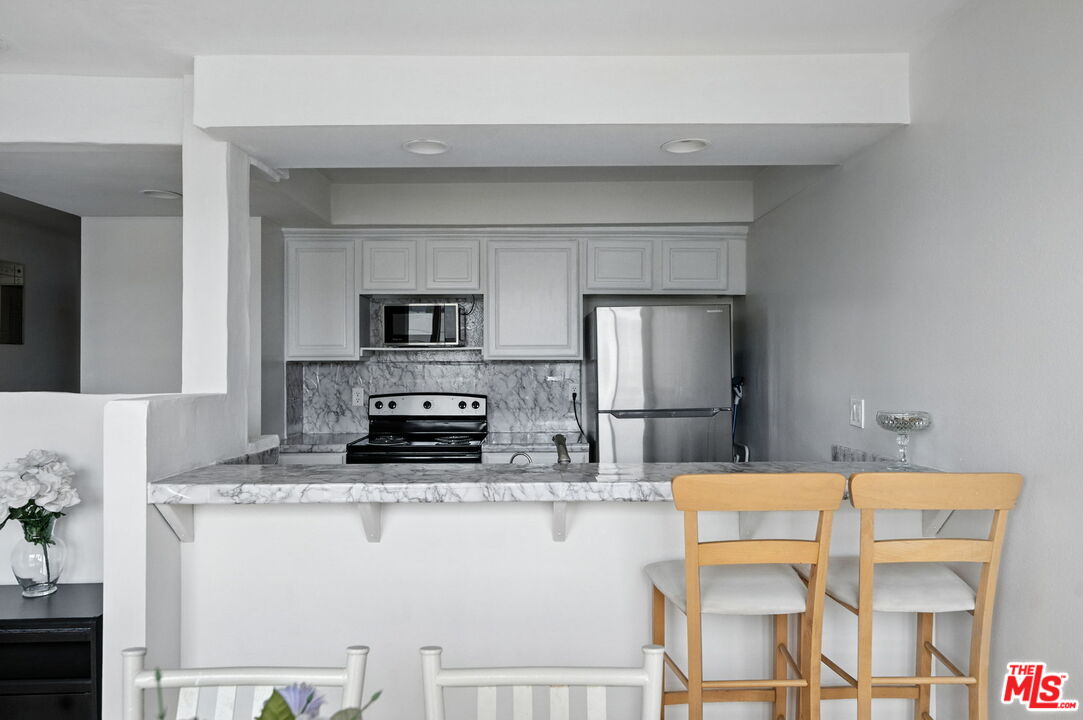 911 N Kings Rd Unit: 310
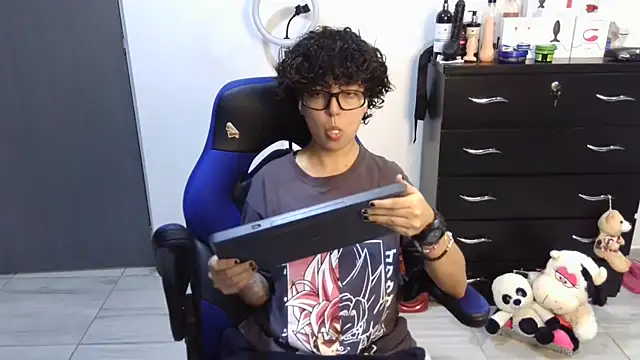 thomascooper7 online show from September 2025 07:36:01 PM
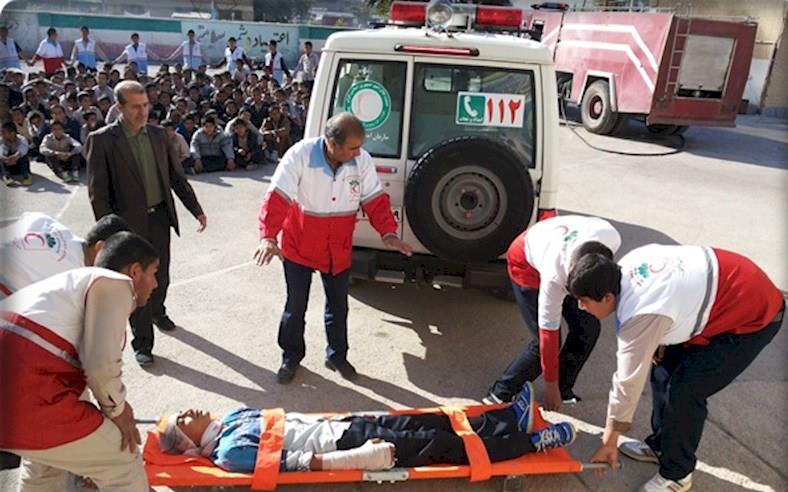 برگزاری مانور ایمنی و زلزله در دبیرستان شهید مطهری دهدشت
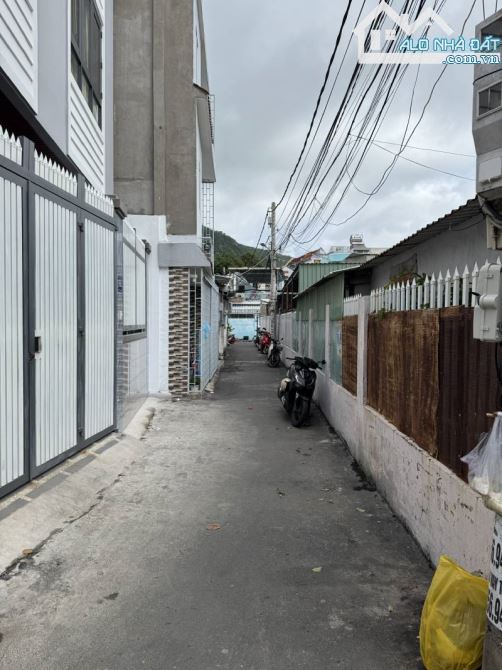 Bán Nhà Góc 2 Mặt Tiền – Triệu Việt Vương, P4, Vũng Tàu – 66m² – Giá 6,8 Tỷ - 3
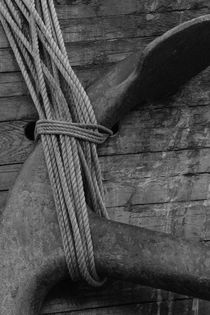 Tied anchor - monochrome by Intensivelight Panorama-Edition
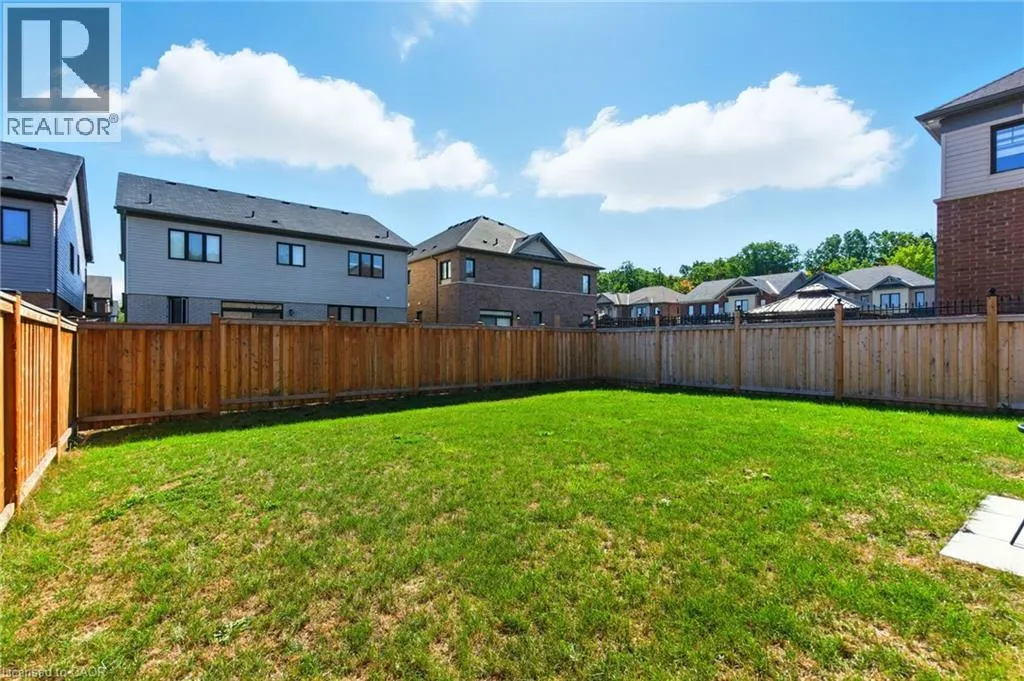 126 CACTUS Crescent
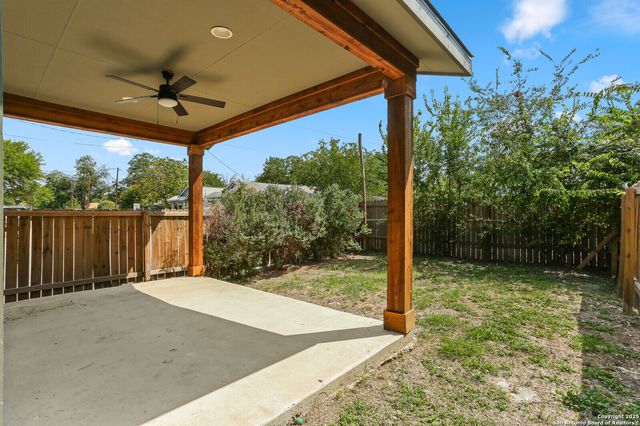 1962 E Crockett, San Antonio, TX 78202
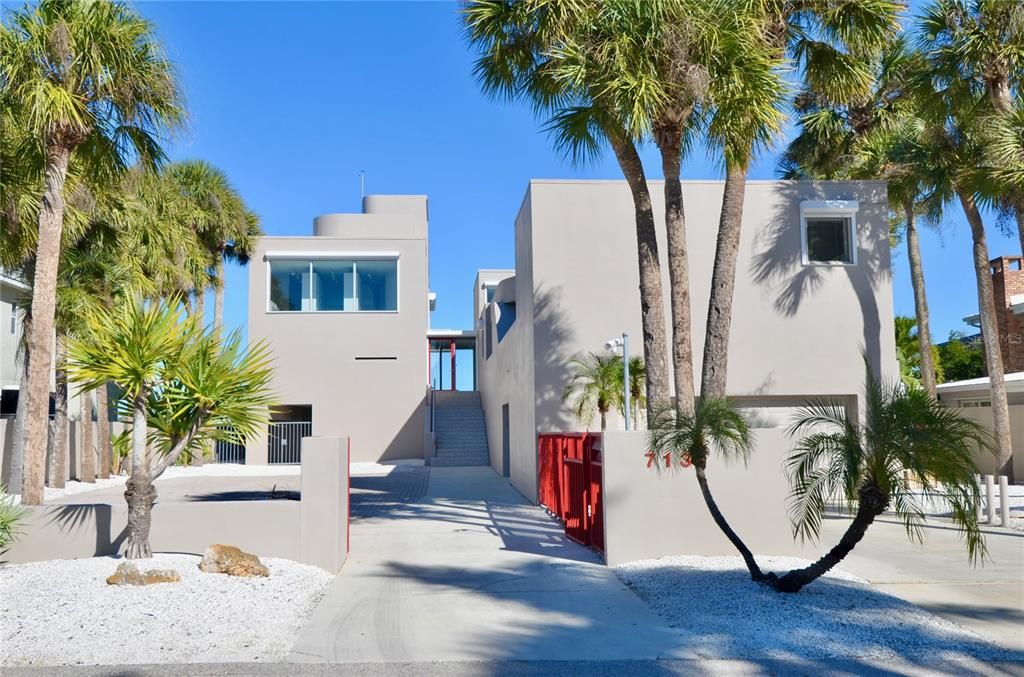 Exterior, Facade, Modern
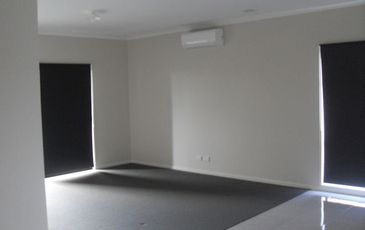 8 Brownfield Drive, Officer
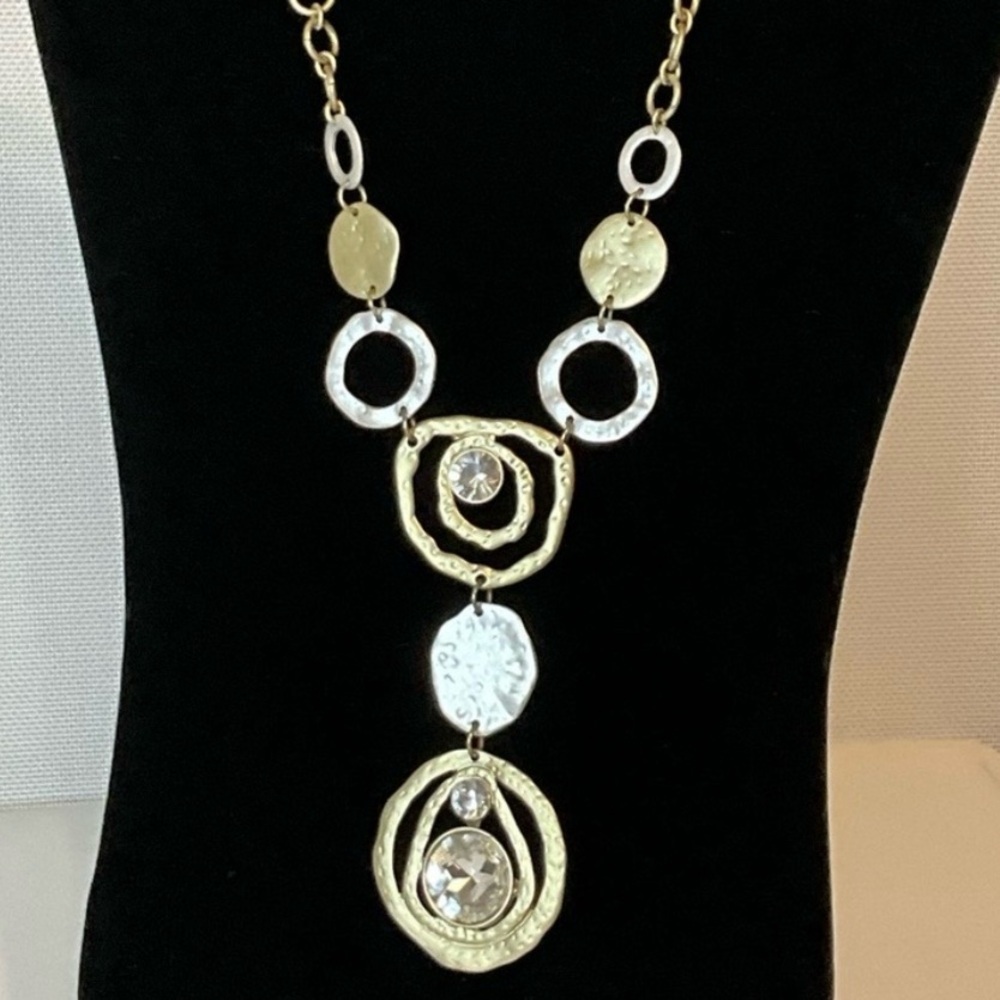 Necklace Gold and Silver Tone Elegant and Unique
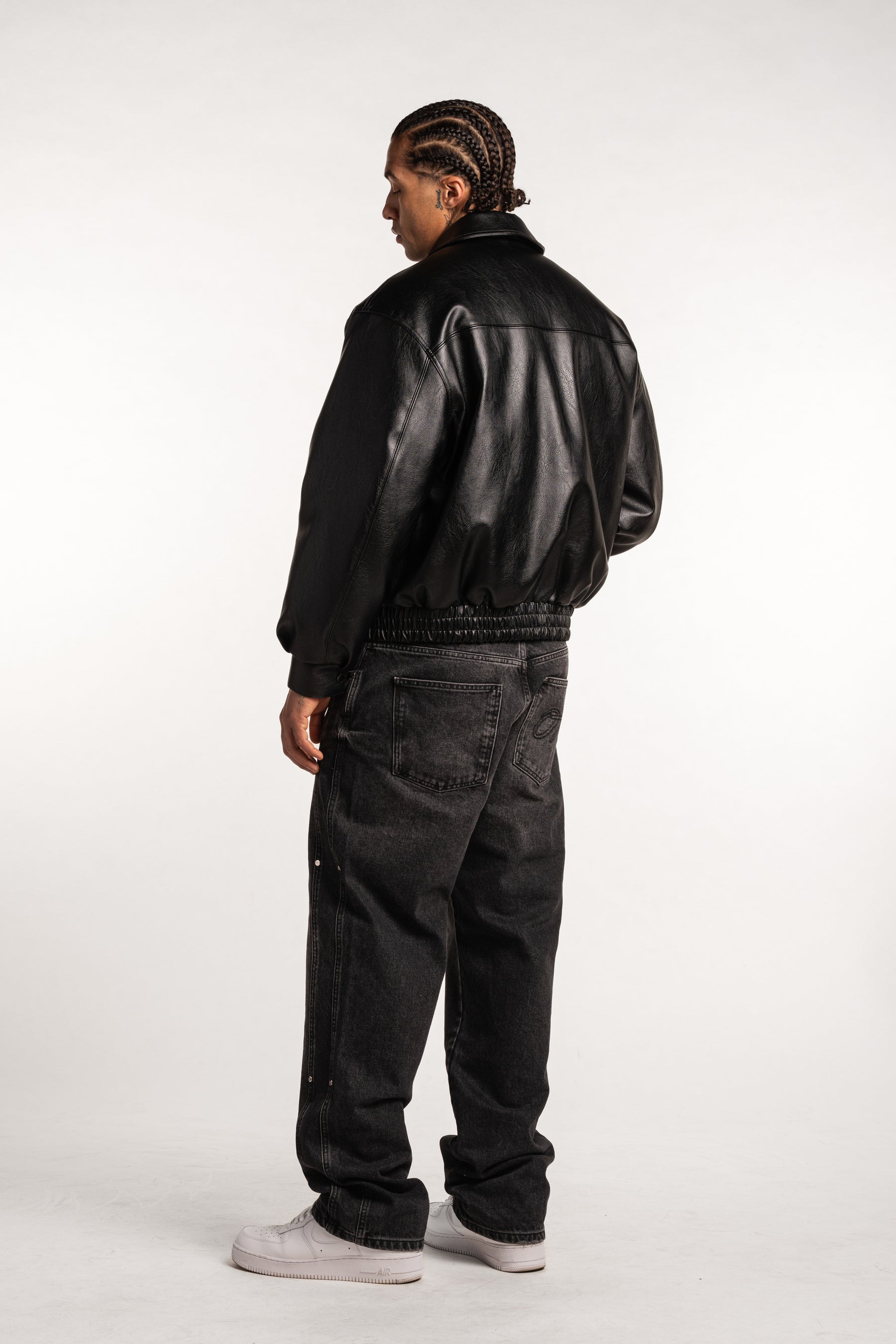 SIGNATURE LEATHER JACKET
----
Only the lines from the one containing "Exterior, Facade, Modern" through the end of the listing should be output, word for word and inclusive; keep pictures out.

 Exterior, Facade, Modern
 8 Brownfield Drive, Officer
 Necklace Gold and Silver Tone Elegant and Unique
 SIGNATURE LEATHER JACKET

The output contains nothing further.